> Task
Nothing should differ. Repeat every record as written.

(Given records begins)

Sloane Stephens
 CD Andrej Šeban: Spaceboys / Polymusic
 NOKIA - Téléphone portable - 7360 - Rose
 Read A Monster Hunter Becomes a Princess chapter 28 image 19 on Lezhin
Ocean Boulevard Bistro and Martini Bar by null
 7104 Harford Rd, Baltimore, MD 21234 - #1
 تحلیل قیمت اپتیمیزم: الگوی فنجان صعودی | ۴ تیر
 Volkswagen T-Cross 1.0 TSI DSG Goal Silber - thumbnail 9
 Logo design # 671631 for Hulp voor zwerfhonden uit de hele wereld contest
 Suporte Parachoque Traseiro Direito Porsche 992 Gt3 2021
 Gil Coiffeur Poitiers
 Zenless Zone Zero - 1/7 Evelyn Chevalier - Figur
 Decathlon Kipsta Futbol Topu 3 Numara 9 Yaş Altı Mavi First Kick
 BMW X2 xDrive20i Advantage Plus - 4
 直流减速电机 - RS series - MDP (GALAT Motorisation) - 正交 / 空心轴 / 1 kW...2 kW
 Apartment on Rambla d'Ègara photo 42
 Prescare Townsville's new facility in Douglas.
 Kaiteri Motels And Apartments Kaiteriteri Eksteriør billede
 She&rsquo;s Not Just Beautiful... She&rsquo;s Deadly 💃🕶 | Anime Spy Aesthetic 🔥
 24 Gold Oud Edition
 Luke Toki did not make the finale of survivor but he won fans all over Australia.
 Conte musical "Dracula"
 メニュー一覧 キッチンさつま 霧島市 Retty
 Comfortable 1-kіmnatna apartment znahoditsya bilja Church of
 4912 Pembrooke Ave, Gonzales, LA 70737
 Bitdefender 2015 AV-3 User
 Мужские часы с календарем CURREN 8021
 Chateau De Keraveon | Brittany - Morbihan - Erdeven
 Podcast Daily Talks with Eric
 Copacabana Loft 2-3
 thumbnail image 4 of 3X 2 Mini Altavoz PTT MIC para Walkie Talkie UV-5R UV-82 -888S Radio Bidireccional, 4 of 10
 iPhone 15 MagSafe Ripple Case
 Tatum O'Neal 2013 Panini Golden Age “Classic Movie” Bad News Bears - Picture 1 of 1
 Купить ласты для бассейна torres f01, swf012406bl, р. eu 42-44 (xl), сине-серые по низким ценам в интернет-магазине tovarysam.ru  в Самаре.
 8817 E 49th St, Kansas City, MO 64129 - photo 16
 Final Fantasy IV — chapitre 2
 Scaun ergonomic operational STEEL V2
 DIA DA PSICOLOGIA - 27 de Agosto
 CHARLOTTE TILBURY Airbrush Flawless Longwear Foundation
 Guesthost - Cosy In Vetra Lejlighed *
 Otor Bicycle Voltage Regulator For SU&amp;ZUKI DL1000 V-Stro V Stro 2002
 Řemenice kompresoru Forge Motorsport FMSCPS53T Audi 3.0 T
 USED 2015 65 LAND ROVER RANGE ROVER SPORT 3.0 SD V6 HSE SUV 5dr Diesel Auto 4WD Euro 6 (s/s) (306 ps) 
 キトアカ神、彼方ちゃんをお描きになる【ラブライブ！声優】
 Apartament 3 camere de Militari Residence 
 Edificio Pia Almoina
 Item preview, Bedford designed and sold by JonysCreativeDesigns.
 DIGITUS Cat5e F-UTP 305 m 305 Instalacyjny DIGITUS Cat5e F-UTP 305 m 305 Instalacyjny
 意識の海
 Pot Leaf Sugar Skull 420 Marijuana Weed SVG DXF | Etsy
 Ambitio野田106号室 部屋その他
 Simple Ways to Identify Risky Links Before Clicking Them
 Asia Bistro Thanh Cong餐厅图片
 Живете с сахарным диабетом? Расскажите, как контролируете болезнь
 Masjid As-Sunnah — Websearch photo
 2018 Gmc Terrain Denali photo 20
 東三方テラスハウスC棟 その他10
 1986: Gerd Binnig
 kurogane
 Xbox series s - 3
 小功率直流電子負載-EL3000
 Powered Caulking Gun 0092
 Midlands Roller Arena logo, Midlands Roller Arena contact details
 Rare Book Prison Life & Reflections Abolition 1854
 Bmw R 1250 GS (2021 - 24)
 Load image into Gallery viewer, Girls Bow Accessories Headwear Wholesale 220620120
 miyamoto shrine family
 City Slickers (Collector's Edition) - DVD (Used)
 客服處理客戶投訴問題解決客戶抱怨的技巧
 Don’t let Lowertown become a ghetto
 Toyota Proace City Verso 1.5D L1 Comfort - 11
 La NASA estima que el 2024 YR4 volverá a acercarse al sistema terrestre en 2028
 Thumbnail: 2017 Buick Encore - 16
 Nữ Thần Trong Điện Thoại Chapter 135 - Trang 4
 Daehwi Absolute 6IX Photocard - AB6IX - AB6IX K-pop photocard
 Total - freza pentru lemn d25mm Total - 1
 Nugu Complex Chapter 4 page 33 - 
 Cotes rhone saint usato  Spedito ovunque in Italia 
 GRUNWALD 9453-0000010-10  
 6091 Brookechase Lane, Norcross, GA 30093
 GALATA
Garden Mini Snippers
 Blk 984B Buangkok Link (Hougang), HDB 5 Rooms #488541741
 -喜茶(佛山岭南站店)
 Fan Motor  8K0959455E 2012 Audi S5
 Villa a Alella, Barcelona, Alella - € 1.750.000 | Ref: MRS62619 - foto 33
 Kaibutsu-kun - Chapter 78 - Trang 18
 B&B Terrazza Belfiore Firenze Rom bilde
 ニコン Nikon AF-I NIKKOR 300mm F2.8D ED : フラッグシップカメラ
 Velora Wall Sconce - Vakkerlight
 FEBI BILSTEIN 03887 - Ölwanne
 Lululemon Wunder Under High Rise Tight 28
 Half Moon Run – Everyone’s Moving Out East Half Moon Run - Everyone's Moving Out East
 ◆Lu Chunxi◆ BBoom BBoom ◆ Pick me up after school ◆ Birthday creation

(Given records ends)

> Answer to this exercise
Sloane Stephens
 CD Andrej Šeban: Spaceboys / Polymusic
 NOKIA - Téléphone portable - 7360 - Rose
 Read A Monster Hunter Becomes a Princess chapter 28 image 19 on Lezhin
Ocean Boulevard Bistro and Martini Bar by null
 7104 Harford Rd, Baltimore, MD 21234 - #1
 تحلیل قیمت اپتیمیزم: الگوی فنجان صعودی | ۴ تیر
 Volkswagen T-Cross 1.0 TSI DSG Goal Silber - thumbnail 9
 Logo design # 671631 for Hulp voor zwerfhonden uit de hele wereld contest
 Suporte Parachoque Traseiro Direito Porsche 992 Gt3 2021
 Gil Coiffeur Poitiers
 Zenless Zone Zero - 1/7 Evelyn Chevalier - Figur
 Decathlon Kipsta Futbol Topu 3 Numara 9 Yaş Altı Mavi First Kick
 BMW X2 xDrive20i Advantage Plus - 4
 直流减速电机 - RS series - MDP (GALAT Motorisation) - 正交 / 空心轴 / 1 kW...2 kW
 Apartment on Rambla d'Ègara photo 42
 Prescare Townsville's new facility in Douglas.
 Kaiteri Motels And Apartments Kaiteriteri Eksteriør billede
 She&rsquo;s Not Just Beautiful... She&rsquo;s Deadly 💃🕶 | Anime Spy Aesthetic 🔥
 24 Gold Oud Edition
 Luke Toki did not make the finale of survivor but he won fans all over Australia.
 Conte musical "Dracula"
 メニュー一覧 キッチンさつま 霧島市 Retty
 Comfortable 1-kіmnatna apartment znahoditsya bilja Church of
 4912 Pembrooke Ave, Gonzales, LA 70737
 Bitdefender 2015 AV-3 User
 Мужские часы с календарем CURREN 8021
 Chateau De Keraveon | Brittany - Morbihan - Erdeven
 Podcast Daily Talks with Eric
 Copacabana Loft 2-3
 thumbnail image 4 of 3X 2 Mini Altavoz PTT MIC para Walkie Talkie UV-5R UV-82 -888S Radio Bidireccional, 4 of 10
 iPhone 15 MagSafe Ripple Case
 Tatum O'Neal 2013 Panini Golden Age “Classic Movie” Bad News Bears - Picture 1 of 1
 Купить ласты для бассейна torres f01, swf012406bl, р. eu 42-44 (xl), сине-серые по низким ценам в интернет-магазине tovarysam.ru  в Самаре.
 8817 E 49th St, Kansas City, MO 64129 - photo 16
 Final Fantasy IV — chapitre 2
 Scaun ergonomic operational STEEL V2
 DIA DA PSICOLOGIA - 27 de Agosto
 CHARLOTTE TILBURY Airbrush Flawless Longwear Foundation
 Guesthost - Cosy In Vetra Lejlighed *
 Otor Bicycle Voltage Regulator For SU&amp;ZUKI DL1000 V-Stro V Stro 2002
 Řemenice kompresoru Forge Motorsport FMSCPS53T Audi 3.0 T
 USED 2015 65 LAND ROVER RANGE ROVER SPORT 3.0 SD V6 HSE SUV 5dr Diesel Auto 4WD Euro 6 (s/s) (306 ps) 
 キトアカ神、彼方ちゃんをお描きになる【ラブライブ！声優】
 Apartament 3 camere de Militari Residence 
 Edificio Pia Almoina
 Item preview, Bedford designed and sold by JonysCreativeDesigns.
 DIGITUS Cat5e F-UTP 305 m 305 Instalacyjny DIGITUS Cat5e F-UTP 305 m 305 Instalacyjny
 意識の海
 Pot Leaf Sugar Skull 420 Marijuana Weed SVG DXF | Etsy
 Ambitio野田106号室 部屋その他
 Simple Ways to Identify Risky Links Before Clicking Them
 Asia Bistro Thanh Cong餐厅图片
 Живете с сахарным диабетом? Расскажите, как контролируете болезнь
 Masjid As-Sunnah — Websearch photo
 2018 Gmc Terrain Denali photo 20
 東三方テラスハウスC棟 その他10
 1986: Gerd Binnig
 kurogane
 Xbox series s - 3
 小功率直流電子負載-EL3000
 Powered Caulking Gun 0092
 Midlands Roller Arena logo, Midlands Roller Arena contact details
 Rare Book Prison Life & Reflections Abolition 1854
 Bmw R 1250 GS (2021 - 24)
 Load image into Gallery viewer, Girls Bow Accessories Headwear Wholesale 220620120
 miyamoto shrine family
 City Slickers (Collector's Edition) - DVD (Used)
 客服處理客戶投訴問題解決客戶抱怨的技巧
 Don’t let Lowertown become a ghetto
 Toyota Proace City Verso 1.5D L1 Comfort - 11
 La NASA estima que el 2024 YR4 volverá a acercarse al sistema terrestre en 2028
 Thumbnail: 2017 Buick Encore - 16
 Nữ Thần Trong Điện Thoại Chapter 135 - Trang 4
 Daehwi Absolute 6IX Photocard - AB6IX - AB6IX K-pop photocard
 Total - freza pentru lemn d25mm Total - 1
 Nugu Complex Chapter 4 page 33 - 
 Cotes rhone saint usato  Spedito ovunque in Italia 
 GRUNWALD 9453-0000010-10  
 6091 Brookechase Lane, Norcross, GA 30093
 GALATA
Garden Mini Snippers
 Blk 984B Buangkok Link (Hougang), HDB 5 Rooms #488541741
 -喜茶(佛山岭南站店)
 Fan Motor  8K0959455E 2012 Audi S5
 Villa a Alella, Barcelona, Alella - € 1.750.000 | Ref: MRS62619 - foto 33
 Kaibutsu-kun - Chapter 78 - Trang 18
 B&B Terrazza Belfiore Firenze Rom bilde
 ニコン Nikon AF-I NIKKOR 300mm F2.8D ED : フラッグシップカメラ
 Velora Wall Sconce - Vakkerlight
 FEBI BILSTEIN 03887 - Ölwanne
 Lululemon Wunder Under High Rise Tight 28
 Half Moon Run – Everyone’s Moving Out East Half Moon Run - Everyone's Moving Out East
 ◆Lu Chunxi◆ BBoom BBoom ◆ Pick me up after school ◆ Birthday creation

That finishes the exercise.